Exercise description –
Each line of the data below must be reproduced without any change.

Data excerpt –
........
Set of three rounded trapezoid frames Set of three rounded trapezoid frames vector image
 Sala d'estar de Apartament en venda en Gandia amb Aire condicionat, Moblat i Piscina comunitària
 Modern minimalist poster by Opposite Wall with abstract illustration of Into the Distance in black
........
Expected answer –
Set of three rounded trapezoid frames Set of three rounded trapezoid frames vector image
 Sala d'estar de Apartament en venda en Gandia amb Aire condicionat, Moblat i Piscina comunitària
 Modern minimalist poster by Opposite Wall with abstract illustration of Into the Distance in black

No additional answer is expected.